Gone are the days where what was, literally, a box on four wheels featured only a small space for the driver and some headlights up front. Big or small, the humble van is becoming something to look at, says GAVIN MYERS
Take Renault’s new Trafic, for example. Do you remember what the old one looked like? No? Well I’ll bet you won’t forget this one too quickly. Why? It has a bit of personality – something we’ve begun to notice in its counterparts from Ford, Peugeot, Fiat and Volkswagen as well.
The Renault, though, has a thoroughly modern Renault-family look to it; with its proud badge, broad grille and bold headlights. The black plastic bumpers, grille, mirrors and rear light surrounds don’t necessarily detract from this – being perfectly functional for tough inner-city transport work.
This newfound personality is also carried over to the interior, which blends form and function for a perfect work environment.

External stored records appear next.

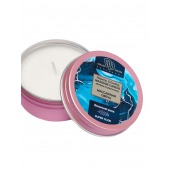 Массажная свеча  Весенняя роса - БиоМед - купить с доставкой в Ижевске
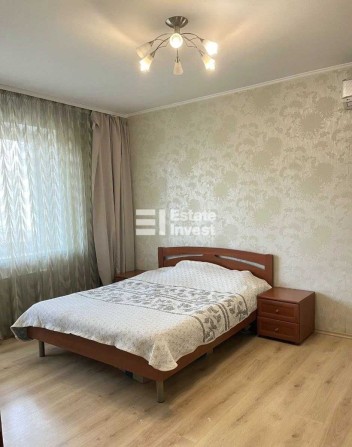 Продам 1 кімн. квартиру в новобудові на вул. Підлісна, 1А - фото 1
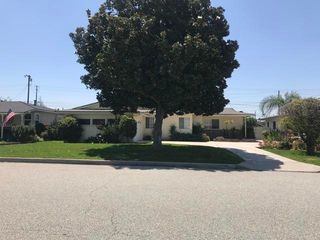 840 E Florence Avenue, West Covina, CA 91790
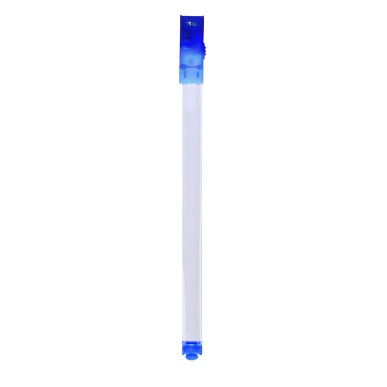 Dauser - 1 Led. Knopfzellen Inklusive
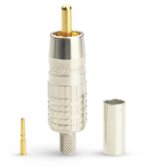 rcap-c_rev2.jpg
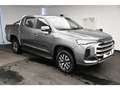 Maxus T90 EV PickUp Batteriekap: 88,55 kw/h Reichweite Grijs - thumbnail 13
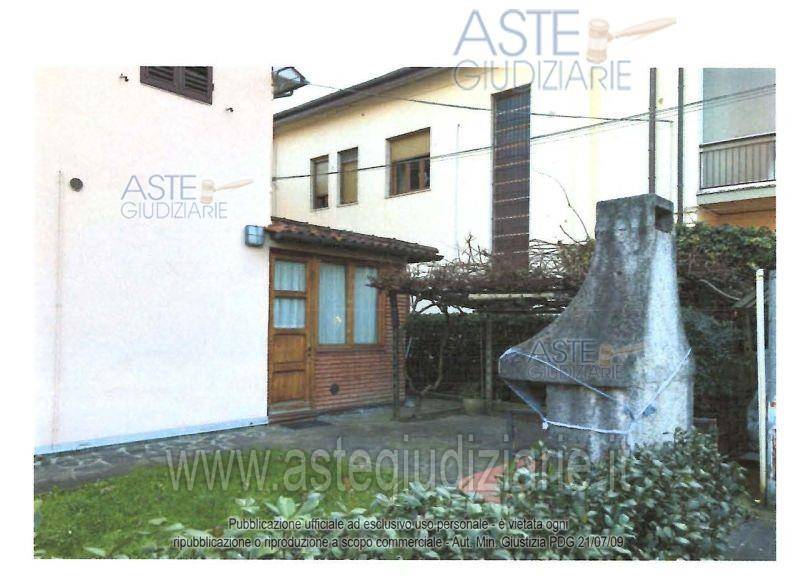 immagine annuncio 3 di 12
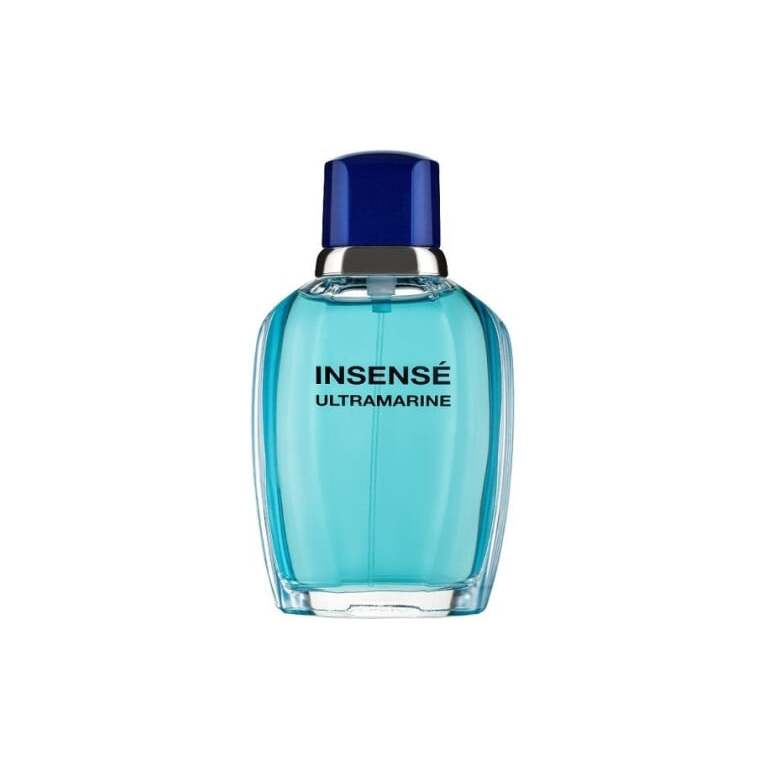 GIVENCHY INSENSÉ ULTRAMARINE 100ml 581121_768.jpg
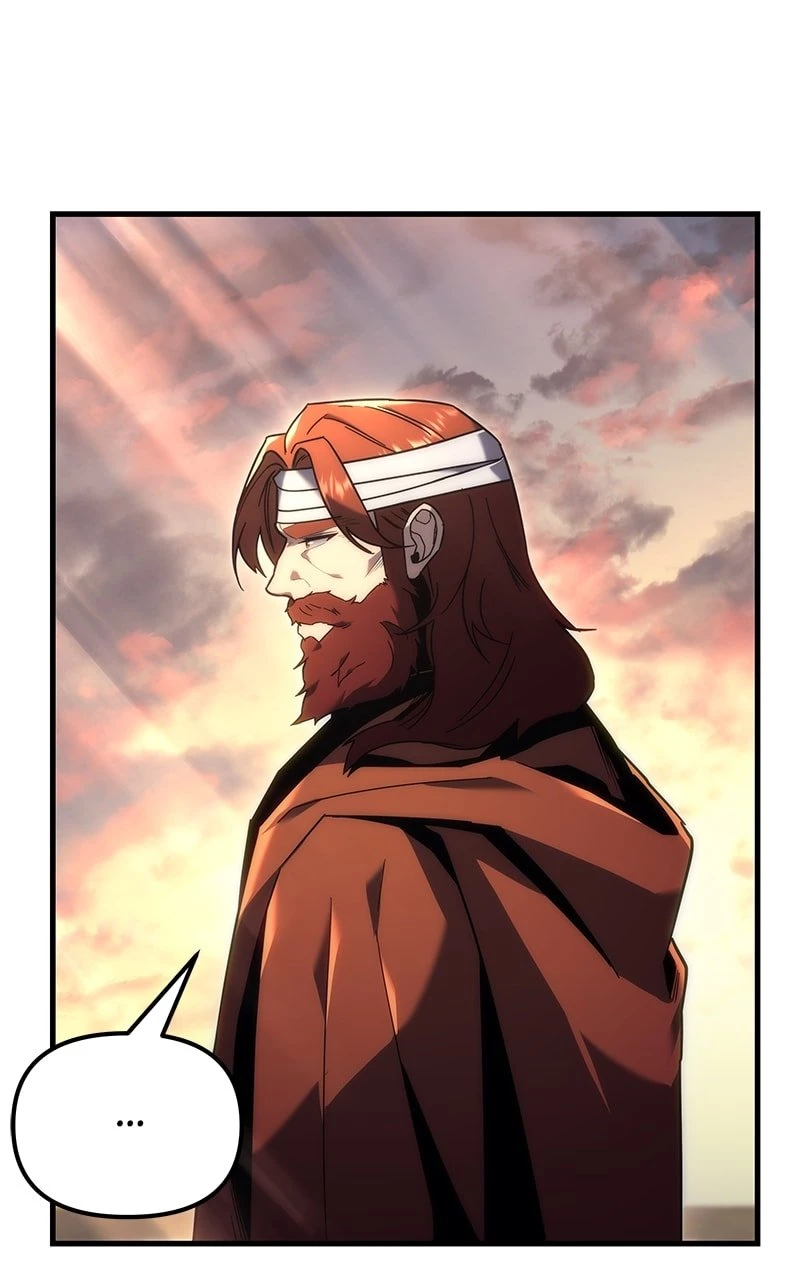 A Flame Reborn Chapter 18 - 11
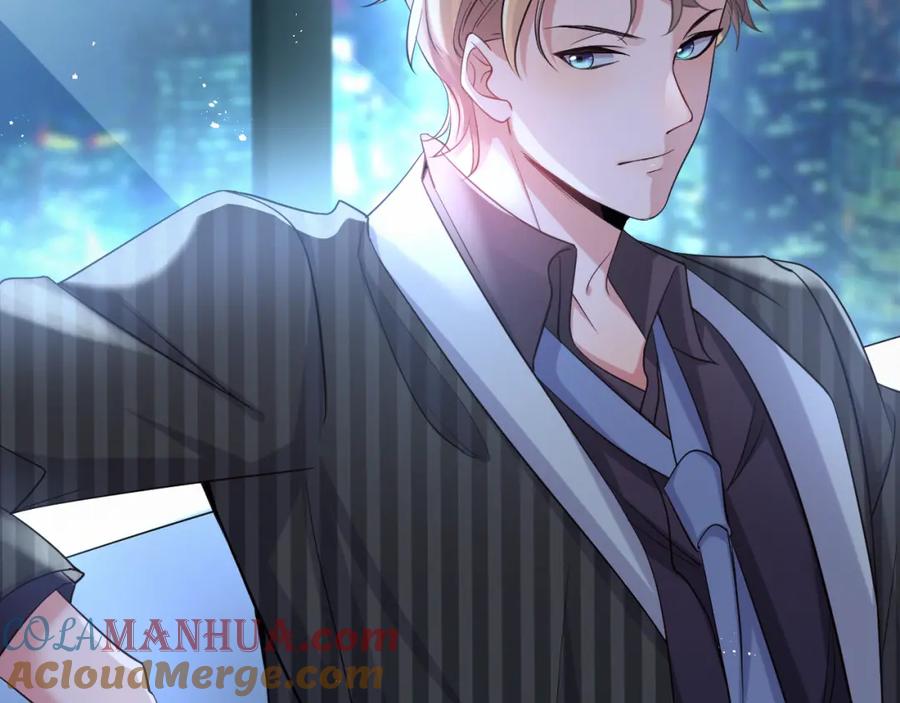 虐渣男从现在开始 - 第1话 七年之痒 - 第129张图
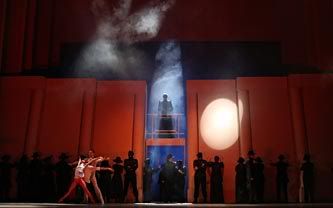 Jesus Christ Superstar (enlarge)...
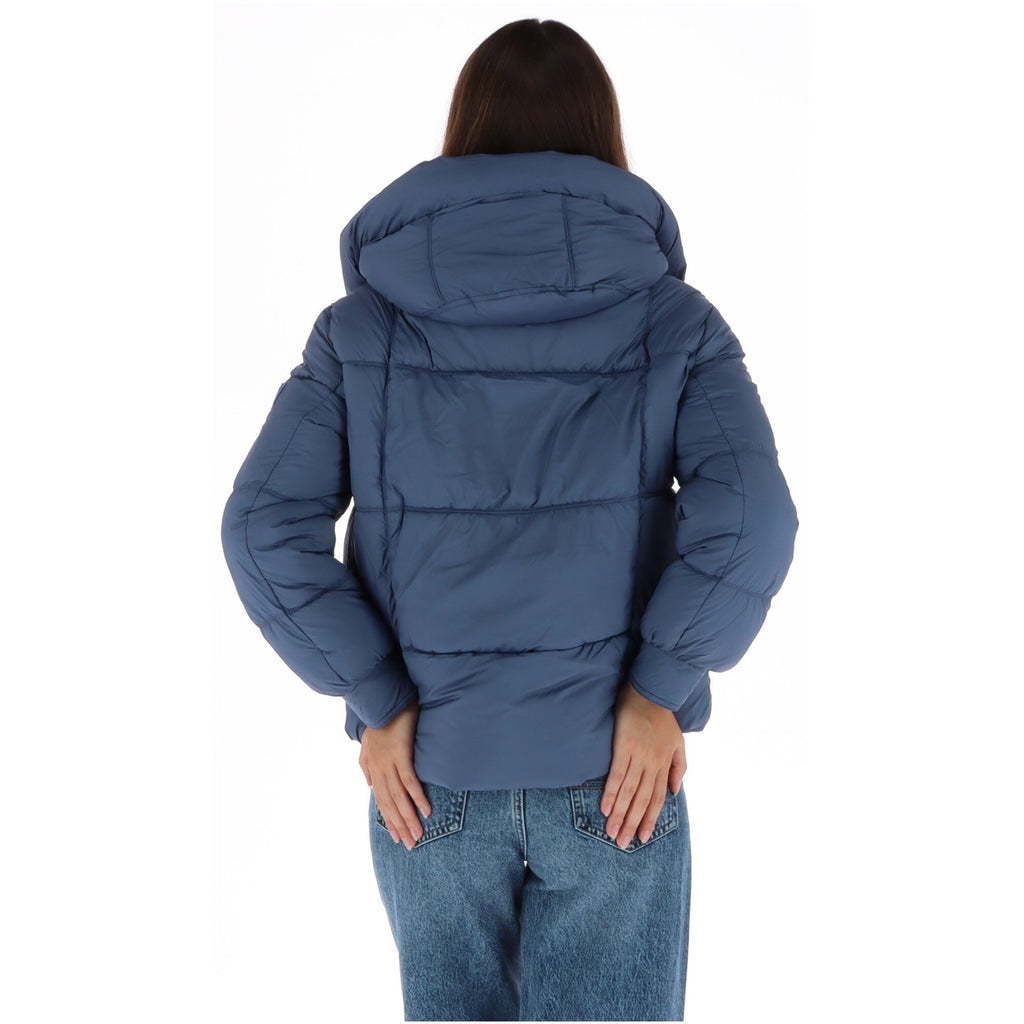 Pepe Jeans - Jacke Damen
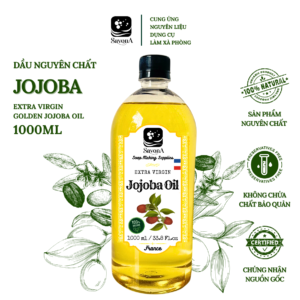 dau-jojoba-savona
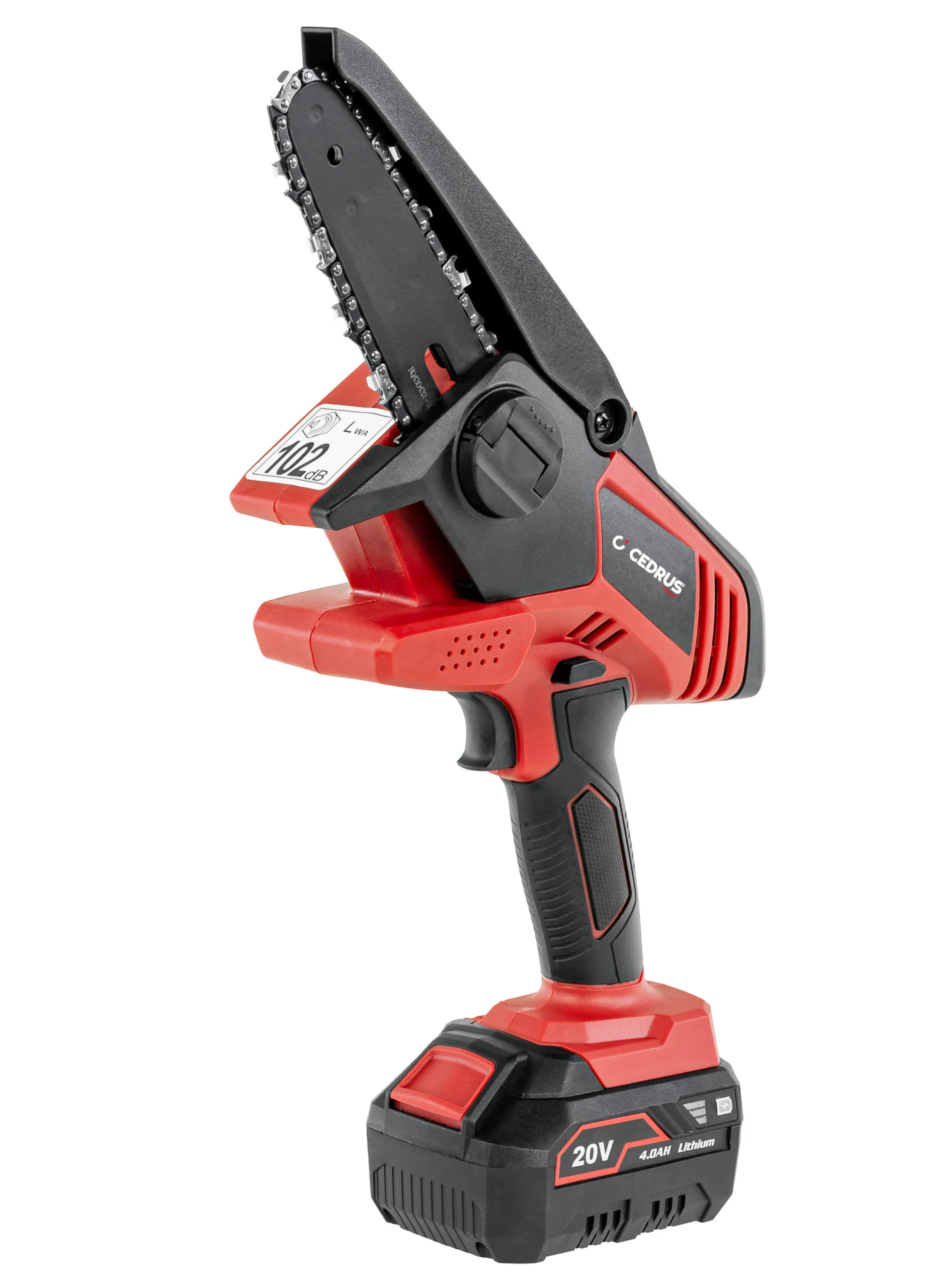 oksasaag akusaag akuoksasaag akukäsisaag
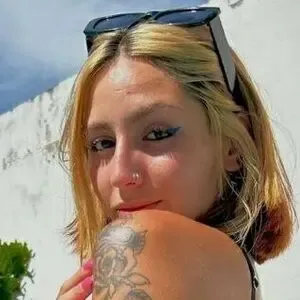 chanitax / chanitax_ nude photo #0027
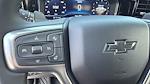 New 2025 Chevrolet Silverado 1500 RST Crew Cab 4WD Pickup for sale #CC25424 - photo 19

Piano-black air vents and some chrome detailing adds a touch of class, while when operating the switchgear it feels like that of a passenger car. The instruments are dominated by a large digital speedo.
What really counts, though, is the removable clipboard that mounts onto the centre seatback when it’s folded forward (it fits perfectly into the document slot atop the dash, too), as well as the wide-angle mirror in the passenger sun visor – so simple, yet so practical.
The seats are well-shaped and the cabin is comfortable enough for three; with a multitude of clever storage spaces, air-conditioner, power windows and a (somewhat fiddly) Bluetooth audio system. Only a driver airbag is offered, however, but complementing this on the safety front are anti-lock brakes with Electronic Brakeforce Distribution, hill start assist, side impact bars and traction control.
New Trafic is also powered by a new engine – a 1,6-litre direct-injection, common-rail diesel unit that employs twin turbo technology to produce high torque at low revs and better power delivery at higher revs. The result is an impressive 88 kW and 320 Nm. This drives the front wheels through a six-speed manual gearbox.
Next to the shifter is a nifty button labeled Eco. Press it and the engine’s power delivery is subdued to aid fuel consumption. Should full power be required, the driver need simply press the accelerator button to temporarily disable Eco mode. It’s an effective system that makes the journey more relaxed without sacrificing drivability.
Renault claims that the new 1,6-litre Trafic will consume just 7,6 l/100 km on the combined driving cycle.
What about the size? Well, there is only one option available locally, but with it you get 5,3 m3 of load volume and 1 200 kg payload capacity. The gross vehicle mass is 3 010 kg, while a maximum (braked) towing mass of 2 000 kg is permitted. Carrying something of length, rather than volume or weight? No bother – objects up to 4,15 m long can be loaded thanks to the nifty through-loading flap in the bulkhead and liftable section under the passenger seat.
Any gripes? Well, the audio system is fiddly and parking sensors wouldn’t go amiss, given the small wing mirrors. The biggest issue is the lack of a cab-mounted isolator lock for the loading compartment, though a deadbolt is fitted to the inside of the rear doors.
The Trafic is priced competitively at R392 200 and comes with a five-year/150 000 km mechanical warranty, six-year anti-corrosion warranty and five-year/100 000 km service plan.
It’s a very likeable van with high levels of usability – and a personality to boot.